With Texas’ close proximity to Louisiana, one would think that finding good Cajun and Creole food in the Capital City would not be so much of a chore. Luckily, chef Lynzy Moran has been doing Austin a solid since debuting in 2013. Although Baton Creole moved a few times before settling down on Shangri-La’s back patio, the elements have largely remained the same. The fried Jambalaya Baton still stirs up state fair memories and the gumbo is always as velvety as a royal cushion.
Luke’s Inside Out
Sandwich slingers in Austin are a dime a dozen, but Luke Bibby quietly ranks above them all. The namesake chef behind this Gibson Bar trailer somehow makes the most workaday of American foods seem as special as those carefully tweezed New American small plates. This is in no small part because his palate is never limited by notions of what a trailer "should" serve.

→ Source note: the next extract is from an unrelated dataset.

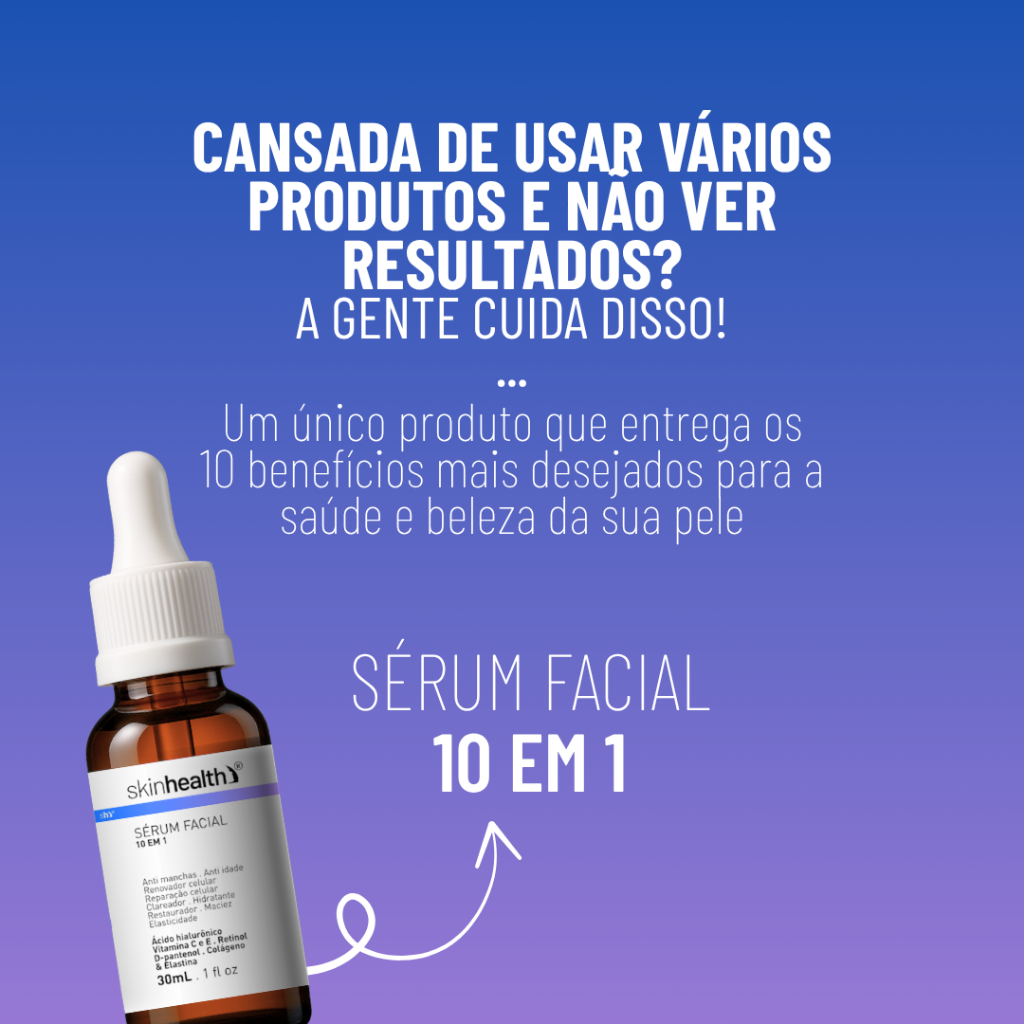 Serum Facial 10 em 01 - Pós Make Completo - Niacinamida, Retinol, Ácido Hialurônico, Vitamina C Skin Health 30ml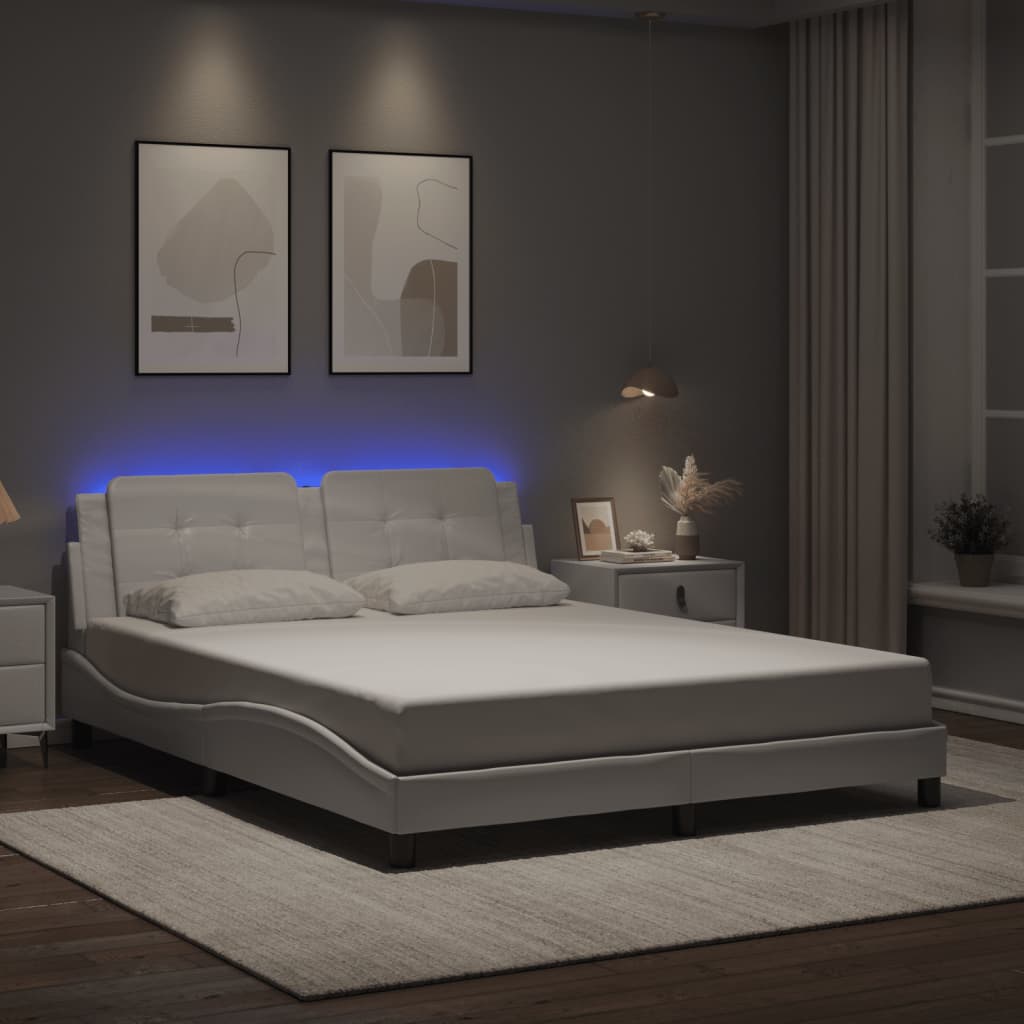 Bed Frame with LED without Mattress "Zadar" White 160x200 cm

The Pressed Pig, a toasted hoagie packed with jerk pork, mortadella, and Swiss, is a perennial favorite and serves as a lesson for newbies. If Bibby includes the word “love” in dish’s description, he dang well means it.
It’s a testament to the warmth of Patrizi’s that even after six years of glowing reviews, it still seems like a well-kept secret. In the opening weeks, it seemed improbable that a funky trailer would achieve such elegance in its cacio e pepe or that the Vortex Theater’s Burning Man-esque grounds could host such an intimate dining experience. Countless services later, it still feels like a pleasant surprise.
Rosita’s Al Pastor
Reversing the path from food truck to brick-and-mortar, this East Riverside Drive mainstay operated behind four walls before opening a trailer in 1986. The reason for its perseverance can be found in the name. Few al pastor tacos in town deliver as much harmony. From the robust corn punch of the tortillas to the simultaneously juicy and crisp pork, each element adding to a symphonic whole.
Few Austin restaurants, much less food trucks, have debuted with such a bang. Within a few months of opening, it became one of the nation’s most talked about eateries, landing on Bon Appétit’s 2014 Best New Restaurant list. Trend hunters may have moved on to shinier concepts, but the food has never lost its thrill. The waterfall pork and the simple grilled bread with peanut curry exhilarate even year after year.
Three Little Pigs
In a perfect world, chef Ray Tatum’s comfort food trailer would be at the top of everyone’s list, but it has never sought the hallelujah chorus as aggressively as some other joints. The focus instead has always been on cuisine. Curious in inspiration, accessible in form, and seemingly immune to price inflation, dishes like pork belly sliders with maple soy glaze and cracklin’ meatloaf are among the most satisfying creations in town — proof that a clear message does not have to be screamed.